In a surprise move the government summoned diplomats from Western countries and multilateral institutions to announce its decision to accelerate its anti-corruption campaign. The campaign of arrests of senior public officials believed to have embezzled public funds has so far been on a stop-and-go basis to the utter disappointment of Western diplomats

The government used the meeting chaired by Prime Minister Ephraim Inoni to flatter the diplomats by giving the impression that the new accelerated programme was based on a programme proposed one year ago by the United Nations Development Programme (UNDP)
and that they were all partners in its anti-corruption campaign. The programme goes by the ear-catching name of CHOC, “change habits, oppose corruption.”

Commentators are unanimous in believing that the government had used the opportunity to try to warm up its relationship with Western diplomats after the unpopular amendment of the constitution which was opposed by Western countries. They further observed that the UNDP anti-corruption programme was proposed since a year ago and the government had only turned to
it now to give the impression that it was responding to Western concerns on corruption.

But many Western diplomats who attended Wednesday’s meeting did not appear to be much impressed by this new development. Television cameras showed many countenances in doubt and in a wait-and-see mood.

The relationship between Western diplomats and the Biya regime is distinctly one of love-lost because the government has a history of reluctance in adopting good governance reforms.

A year ago, the government summoned a similar meeting of Western diplomats and vowed that for once it would conduct transparent and credible elections. But it failed to do so. The legislative elections of last year turned out to be such a horrible mess that Western embassies who had been promised a change issued a statement to denounce the exercise as a missed opportunity for democratic advance in Cameroon.

President Paul Biya has not shown a strong political will to punish culprits and discourage corruption in Cameroon. Instead, the president has used corruption arrests more as a political expedient.

In February 2006 he held and imprisoned a handful of senior public officials to strengthen the government’s application for debt cancellation under the HIPC initiative. He since resisted public clamour to continue with more arrests. He resumed the arrests, which usually spark public enthusiasm, last March just prior to the highly controversial and unpopular amendment of the constitution.
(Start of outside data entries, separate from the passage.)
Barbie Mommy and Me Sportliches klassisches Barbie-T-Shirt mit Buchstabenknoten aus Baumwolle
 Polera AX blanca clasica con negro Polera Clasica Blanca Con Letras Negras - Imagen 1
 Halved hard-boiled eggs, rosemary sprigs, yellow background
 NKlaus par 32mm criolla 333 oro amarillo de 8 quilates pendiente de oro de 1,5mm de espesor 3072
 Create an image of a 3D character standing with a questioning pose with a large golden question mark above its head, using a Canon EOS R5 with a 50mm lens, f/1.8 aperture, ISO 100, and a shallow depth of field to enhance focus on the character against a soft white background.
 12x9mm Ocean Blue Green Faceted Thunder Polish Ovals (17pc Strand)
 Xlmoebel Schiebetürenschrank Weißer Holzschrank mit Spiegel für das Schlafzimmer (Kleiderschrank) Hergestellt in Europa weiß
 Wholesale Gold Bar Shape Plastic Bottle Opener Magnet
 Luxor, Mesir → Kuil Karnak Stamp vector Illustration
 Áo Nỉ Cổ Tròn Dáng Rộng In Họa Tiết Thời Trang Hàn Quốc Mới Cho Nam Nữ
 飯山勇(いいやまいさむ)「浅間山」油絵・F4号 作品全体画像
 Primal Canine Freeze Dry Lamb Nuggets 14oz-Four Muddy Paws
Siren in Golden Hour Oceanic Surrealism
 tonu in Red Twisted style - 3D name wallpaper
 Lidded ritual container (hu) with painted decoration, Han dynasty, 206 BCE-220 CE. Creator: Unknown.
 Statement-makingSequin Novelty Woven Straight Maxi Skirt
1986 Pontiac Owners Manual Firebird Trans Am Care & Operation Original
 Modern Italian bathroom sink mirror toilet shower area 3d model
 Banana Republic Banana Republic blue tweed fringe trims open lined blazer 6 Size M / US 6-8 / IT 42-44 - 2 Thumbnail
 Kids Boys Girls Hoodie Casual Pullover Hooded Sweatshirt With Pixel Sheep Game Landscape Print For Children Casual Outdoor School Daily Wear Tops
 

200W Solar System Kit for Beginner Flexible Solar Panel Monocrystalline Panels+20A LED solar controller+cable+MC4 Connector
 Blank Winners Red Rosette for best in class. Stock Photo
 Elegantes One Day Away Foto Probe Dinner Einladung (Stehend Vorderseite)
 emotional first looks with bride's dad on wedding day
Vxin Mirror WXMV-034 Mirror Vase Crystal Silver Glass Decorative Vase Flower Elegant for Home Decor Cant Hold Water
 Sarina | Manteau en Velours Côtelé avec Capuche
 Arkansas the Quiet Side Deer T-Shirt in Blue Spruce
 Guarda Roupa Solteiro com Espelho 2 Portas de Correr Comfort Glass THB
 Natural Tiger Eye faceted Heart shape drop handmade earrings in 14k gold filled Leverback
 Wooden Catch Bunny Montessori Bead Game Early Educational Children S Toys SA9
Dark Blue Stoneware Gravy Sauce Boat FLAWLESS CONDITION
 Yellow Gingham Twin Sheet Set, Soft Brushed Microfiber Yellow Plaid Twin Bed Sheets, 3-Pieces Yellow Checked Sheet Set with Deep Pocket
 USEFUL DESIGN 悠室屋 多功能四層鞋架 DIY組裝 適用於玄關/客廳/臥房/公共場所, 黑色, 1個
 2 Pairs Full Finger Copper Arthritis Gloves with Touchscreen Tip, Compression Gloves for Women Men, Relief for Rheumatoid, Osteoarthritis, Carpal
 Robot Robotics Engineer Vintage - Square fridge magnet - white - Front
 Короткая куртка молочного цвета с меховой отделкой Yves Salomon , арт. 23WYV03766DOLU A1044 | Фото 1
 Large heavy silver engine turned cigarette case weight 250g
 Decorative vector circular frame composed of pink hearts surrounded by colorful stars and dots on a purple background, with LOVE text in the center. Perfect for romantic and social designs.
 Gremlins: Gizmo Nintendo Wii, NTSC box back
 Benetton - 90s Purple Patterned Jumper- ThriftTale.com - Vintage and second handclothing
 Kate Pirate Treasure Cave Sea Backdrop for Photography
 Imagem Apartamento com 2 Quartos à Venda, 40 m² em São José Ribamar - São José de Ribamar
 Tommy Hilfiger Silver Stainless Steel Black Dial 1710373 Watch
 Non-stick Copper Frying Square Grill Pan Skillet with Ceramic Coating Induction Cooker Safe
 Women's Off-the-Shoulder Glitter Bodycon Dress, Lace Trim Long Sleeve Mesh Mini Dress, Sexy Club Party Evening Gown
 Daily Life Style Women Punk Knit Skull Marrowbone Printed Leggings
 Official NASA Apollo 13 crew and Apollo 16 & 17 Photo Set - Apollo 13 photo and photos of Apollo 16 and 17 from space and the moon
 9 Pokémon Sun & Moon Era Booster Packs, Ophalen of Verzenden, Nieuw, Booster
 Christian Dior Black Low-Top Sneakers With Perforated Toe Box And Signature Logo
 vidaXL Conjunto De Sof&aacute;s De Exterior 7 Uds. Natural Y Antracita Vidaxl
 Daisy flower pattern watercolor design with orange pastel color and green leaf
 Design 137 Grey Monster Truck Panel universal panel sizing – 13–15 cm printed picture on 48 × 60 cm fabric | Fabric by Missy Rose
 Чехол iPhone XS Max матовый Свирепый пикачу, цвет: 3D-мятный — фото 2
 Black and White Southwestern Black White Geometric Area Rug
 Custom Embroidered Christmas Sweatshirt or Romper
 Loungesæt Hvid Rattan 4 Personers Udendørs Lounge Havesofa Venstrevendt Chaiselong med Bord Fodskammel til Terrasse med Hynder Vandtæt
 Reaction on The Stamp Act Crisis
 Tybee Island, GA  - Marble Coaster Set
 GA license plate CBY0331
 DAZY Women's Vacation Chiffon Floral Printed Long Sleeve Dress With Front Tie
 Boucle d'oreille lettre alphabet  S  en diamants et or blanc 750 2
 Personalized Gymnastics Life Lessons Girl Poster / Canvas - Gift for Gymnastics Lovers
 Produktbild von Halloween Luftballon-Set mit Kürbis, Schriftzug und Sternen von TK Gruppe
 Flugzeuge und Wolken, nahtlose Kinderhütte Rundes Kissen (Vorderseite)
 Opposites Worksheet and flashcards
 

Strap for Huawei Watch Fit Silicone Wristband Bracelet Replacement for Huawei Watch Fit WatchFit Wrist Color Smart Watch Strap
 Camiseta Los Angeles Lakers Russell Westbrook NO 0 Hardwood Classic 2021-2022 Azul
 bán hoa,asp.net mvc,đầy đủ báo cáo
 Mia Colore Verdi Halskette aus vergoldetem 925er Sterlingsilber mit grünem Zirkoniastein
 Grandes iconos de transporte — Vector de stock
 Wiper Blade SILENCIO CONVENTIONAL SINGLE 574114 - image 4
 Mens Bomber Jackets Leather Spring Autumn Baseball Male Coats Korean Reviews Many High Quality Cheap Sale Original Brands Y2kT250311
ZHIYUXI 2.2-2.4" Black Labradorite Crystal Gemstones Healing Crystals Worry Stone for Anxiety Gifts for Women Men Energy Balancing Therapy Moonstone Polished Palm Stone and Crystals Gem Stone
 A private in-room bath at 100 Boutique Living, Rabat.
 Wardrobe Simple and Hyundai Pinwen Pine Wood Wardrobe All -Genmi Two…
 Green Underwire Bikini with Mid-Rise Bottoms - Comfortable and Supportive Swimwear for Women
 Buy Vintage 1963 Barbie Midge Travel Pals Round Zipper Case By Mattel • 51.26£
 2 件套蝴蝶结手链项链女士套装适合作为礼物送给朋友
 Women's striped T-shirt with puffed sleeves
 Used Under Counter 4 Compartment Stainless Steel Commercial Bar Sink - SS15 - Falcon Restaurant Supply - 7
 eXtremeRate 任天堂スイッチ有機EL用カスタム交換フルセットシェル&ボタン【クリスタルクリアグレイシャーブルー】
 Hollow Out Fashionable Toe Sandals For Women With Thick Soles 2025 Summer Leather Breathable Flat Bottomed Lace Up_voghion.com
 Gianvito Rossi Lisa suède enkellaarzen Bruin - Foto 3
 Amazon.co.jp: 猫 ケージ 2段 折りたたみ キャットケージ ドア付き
After that, the president has been interrogating more suspects to change the public mood after the unpopular constitutional amendment. And also, it is believed, to prepare the public for what is believed to be important dismissals in the much- expected government change.
It is, in fact, believed that there will be more interrogations and arrests in the days ahead, but it
is not known if the campaign will be sustained.

The president’s uncertain and unsystematic handling of the war against corruption has been so disappointing to Western diplomats that Sophie de Caen, the UN system representative who left Cameroon a few months ago, became inhabitually cynical. The UN diplomat who was otherwise principled and respectful openly dismissed existing public anti-corruption structures as being non-efficacious. She expressed the view that without a political will, the multiplication of structures will not solve the problem of corruption in Cameroon.

It is difficult for anybody to tell what the president is up to with the announcement of a change of gears. That is why Western diplomats as much as the wide public remain sceptical.